本センサーでは、金属層と導電性塗膜層とを用いるため、前記のような曲げ剛性の比となり、圧電層を挟む層がこのような曲げ剛性の比を有していることで、初期および長期使用時においても、高い出力電圧を示す圧電センサーを得ることができ、長期信頼性、具体的には、長期にわたり使用しても、検知対象となる圧力とノイズとを容易に判別でき、誤検知の少ない圧電センサーを得ることができる。
なお、本発明において、「長期使用」とは、例えば、本センサーを下記実施例のように1000回以上押圧した場合が挙げられる。
【0015】
本センサーがこのような効果を奏する理由は必ずしも明らかではないが、本センサーが押圧された時に、圧電層の上面側と下面側の変形量に違いが生じるため、本センサーは高い出力電圧を示すと考えられ、また、圧電層の塑性変形を抑制することができるため、本センサーは長期にわたり高い出力電圧を示すと考えられる。
【0016】
前記曲げ剛性の比は、初期および長期使用時において、より高い出力電圧を示すセンサーを得ることができる等の点から、10以上、100以下であり、好ましくは20以上、より好ましくは30以上であり、好ましくは70以下、より好ましくは60以下、特に好ましくは50以下である。

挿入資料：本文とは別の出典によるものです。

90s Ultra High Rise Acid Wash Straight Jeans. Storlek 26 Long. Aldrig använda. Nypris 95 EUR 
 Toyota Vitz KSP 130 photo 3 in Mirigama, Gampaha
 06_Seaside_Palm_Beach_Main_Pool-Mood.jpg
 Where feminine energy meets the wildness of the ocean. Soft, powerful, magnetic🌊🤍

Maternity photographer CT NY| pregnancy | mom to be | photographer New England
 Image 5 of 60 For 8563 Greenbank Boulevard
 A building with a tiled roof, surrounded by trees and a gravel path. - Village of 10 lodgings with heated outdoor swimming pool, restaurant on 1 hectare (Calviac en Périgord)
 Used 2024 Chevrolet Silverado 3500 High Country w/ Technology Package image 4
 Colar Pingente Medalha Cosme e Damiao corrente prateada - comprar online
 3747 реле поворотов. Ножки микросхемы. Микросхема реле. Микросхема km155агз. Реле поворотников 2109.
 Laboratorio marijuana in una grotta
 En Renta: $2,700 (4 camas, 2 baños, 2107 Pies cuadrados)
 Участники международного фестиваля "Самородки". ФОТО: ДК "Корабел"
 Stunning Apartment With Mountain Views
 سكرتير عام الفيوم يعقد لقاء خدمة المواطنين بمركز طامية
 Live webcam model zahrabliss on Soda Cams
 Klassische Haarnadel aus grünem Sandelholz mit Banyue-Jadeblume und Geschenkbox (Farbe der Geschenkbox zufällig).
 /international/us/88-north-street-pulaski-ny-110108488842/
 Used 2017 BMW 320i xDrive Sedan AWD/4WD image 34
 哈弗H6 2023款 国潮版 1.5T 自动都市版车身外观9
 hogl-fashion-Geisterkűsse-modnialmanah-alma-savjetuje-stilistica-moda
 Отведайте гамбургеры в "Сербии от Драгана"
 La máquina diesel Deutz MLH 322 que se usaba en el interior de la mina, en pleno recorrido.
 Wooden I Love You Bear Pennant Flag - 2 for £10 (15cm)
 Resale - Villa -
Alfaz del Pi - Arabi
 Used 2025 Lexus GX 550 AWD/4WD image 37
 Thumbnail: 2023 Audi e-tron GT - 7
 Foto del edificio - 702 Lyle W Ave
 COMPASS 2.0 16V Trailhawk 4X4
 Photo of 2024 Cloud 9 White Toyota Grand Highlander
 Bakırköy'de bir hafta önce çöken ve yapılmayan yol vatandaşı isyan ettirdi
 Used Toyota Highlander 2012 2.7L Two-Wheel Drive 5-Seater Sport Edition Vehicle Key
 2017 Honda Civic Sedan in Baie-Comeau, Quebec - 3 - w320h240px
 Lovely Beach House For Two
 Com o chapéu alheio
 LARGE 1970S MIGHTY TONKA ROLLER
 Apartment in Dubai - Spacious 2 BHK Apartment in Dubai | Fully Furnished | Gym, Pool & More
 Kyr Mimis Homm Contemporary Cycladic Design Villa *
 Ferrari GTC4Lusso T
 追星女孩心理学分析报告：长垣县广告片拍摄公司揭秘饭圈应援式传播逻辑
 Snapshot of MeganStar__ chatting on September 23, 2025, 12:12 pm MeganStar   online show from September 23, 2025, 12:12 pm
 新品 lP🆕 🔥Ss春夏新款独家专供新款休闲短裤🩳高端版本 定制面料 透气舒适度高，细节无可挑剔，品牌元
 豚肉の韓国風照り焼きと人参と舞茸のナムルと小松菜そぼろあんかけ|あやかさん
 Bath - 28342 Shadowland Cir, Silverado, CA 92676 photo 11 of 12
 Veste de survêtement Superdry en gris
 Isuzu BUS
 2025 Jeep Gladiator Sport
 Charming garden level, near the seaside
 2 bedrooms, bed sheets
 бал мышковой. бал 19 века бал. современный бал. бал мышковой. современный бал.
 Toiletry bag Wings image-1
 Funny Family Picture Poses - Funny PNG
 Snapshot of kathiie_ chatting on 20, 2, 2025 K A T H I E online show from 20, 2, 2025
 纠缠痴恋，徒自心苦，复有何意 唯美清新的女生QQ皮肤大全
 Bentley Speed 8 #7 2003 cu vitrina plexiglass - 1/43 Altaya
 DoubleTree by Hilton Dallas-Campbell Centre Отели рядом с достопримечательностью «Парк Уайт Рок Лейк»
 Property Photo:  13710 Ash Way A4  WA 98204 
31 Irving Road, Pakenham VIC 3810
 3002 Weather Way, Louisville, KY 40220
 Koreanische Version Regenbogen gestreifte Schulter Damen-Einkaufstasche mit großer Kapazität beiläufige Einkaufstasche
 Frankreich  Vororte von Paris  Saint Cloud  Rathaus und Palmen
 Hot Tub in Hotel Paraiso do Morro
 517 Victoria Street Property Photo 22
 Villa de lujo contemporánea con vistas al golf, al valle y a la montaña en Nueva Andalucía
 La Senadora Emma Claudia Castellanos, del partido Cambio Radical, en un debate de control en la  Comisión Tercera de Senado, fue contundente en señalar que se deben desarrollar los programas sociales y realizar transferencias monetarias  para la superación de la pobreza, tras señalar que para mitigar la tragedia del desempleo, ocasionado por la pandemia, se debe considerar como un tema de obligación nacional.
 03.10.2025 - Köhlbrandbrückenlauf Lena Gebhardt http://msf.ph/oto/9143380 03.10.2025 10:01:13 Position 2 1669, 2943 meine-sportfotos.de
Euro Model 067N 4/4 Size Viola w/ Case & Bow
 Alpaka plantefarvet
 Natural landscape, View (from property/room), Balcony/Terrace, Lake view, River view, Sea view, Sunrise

該曲げ剛性の比は、具体的には、下記実施例に記載の方法で測定することができる。
【0017】
本センサーは、前記金属層側から圧力がかかるように配置して用いられることが好ましい。このように本センサーを用いることで、圧電層の塑性変形をより抑制することができるため、より長期にわたって高い出力電圧を示すセンサーを容易に得ることができる。
【0018】
本センサーは、金属層、圧電層および導電性塗膜層を含めは特に制限されず、必要により、これらの層間などに接着層等の従来公知の層を含んでもよいが、圧電層の最も大きい面の一方に金属層を有し、圧電層の最も大きい面の他方に導電性塗膜層を有することが好ましく、圧電層の最も大きい面の一方に直接金属層が接し、圧電層の最も大きい面の他方に直接導電性塗膜層が接していることがより好ましい。つまり、圧電層の最も大きい面に隣接する2つの層の曲げ剛性の比が前記範囲にあることが好ましい。
【0019】
なお、本センサーは、従来の圧電センサーが有する従来公知の層、例えば、絶縁層、前記金属層や導電性塗膜層以外の電極層などを有していてもよく、また、本センサーから電気を取り出す部材などを有していてもよい。
【0020】
本センサーを製造する方法としては、金属層、圧電層および導電性塗膜層をこの順で含む積層体が得られれば特に制限されず、例えば、下記導電性塗料などを絶縁層などの絶縁体に塗装し、得られた導電性塗膜層付き絶縁体を導電性塗膜層が圧電層側となるように積層したり、下記導電性塗料などを支持体に塗装し、得られた導電性塗膜層付き支持体から剥離した導電性塗膜層を圧電層と積層してもよいが、製造容易性に優れ、初期および長期使用時においても高い出力電圧を示すセンサーを得ることができ、長期信頼性に優れるセンサーを容易に得ることができる等の点から、下記本製造方法が好ましい。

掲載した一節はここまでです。